Deux mois avant j’étais venu dans le secteur avec Florian afin de réaliser quelques couloirs de neige
Alpinisme dans les Ecrins : le glacier noir des Hautes-Alpes
La face sud de la Barre des Ecrins avait attiré mon regard. Au vu de la raideur et de la difficulté de l’escalade qu’elle représente, Flo m’avait conseillé d’aller dans un premier temps grimper la face sud de la Barre noire située juste à côté (EST) de la Barre des Écrins.
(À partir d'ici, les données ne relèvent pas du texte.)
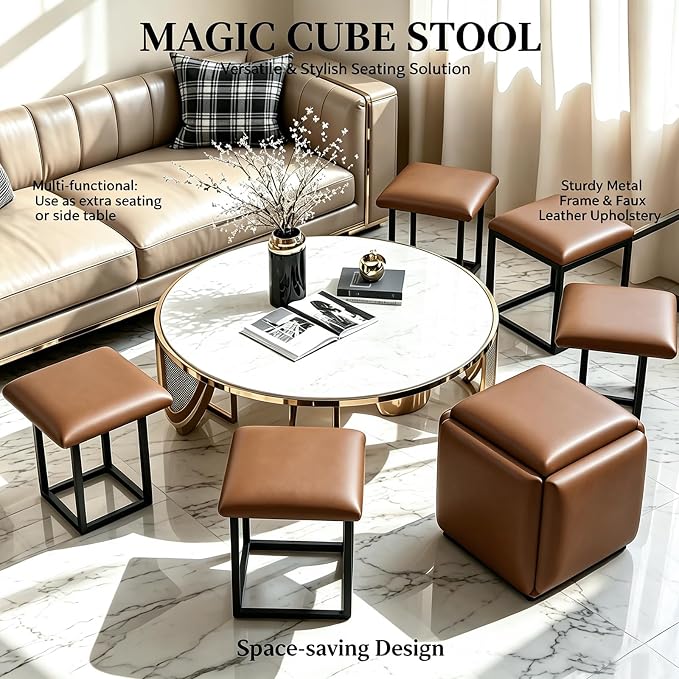 5 in 1 Nesting Ottoman Cube Chair, Stackable Stools, Leather Square Ottoman Bench, Foot Stool with Wheels for Living Room,Dining Room 15.75x15.75x16.54 inches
Le projet bien défini dans un coin de ma tête, il ne restait plus qu’à trouver le temps et l’ami avec qui tenter l’aventure… Fin juin je disposais d’une semaine de vacances, tout comme Olivier qui souhaitait s’initier à la montagne… Nous partîmes donc tous les deux pour cette aventure.
Arrivée à Ailefroide
Une fois arrivés au camping d’Ailefroide le mardi en début d’après midi, la météo était maussade. Mais un passage au bureau des guides nous appris que la météo s’améliorait le lendemain pour un créneau de beau temps d’une semaine avec seulement quelques risques d’orages en fin d’après midi. Alors nous décidons ainsi d’attendre le lendemain pour partir. Nous en avons profité pour faire une grande voie au dessus du camping, « Là ou vie Merlin » (ED+).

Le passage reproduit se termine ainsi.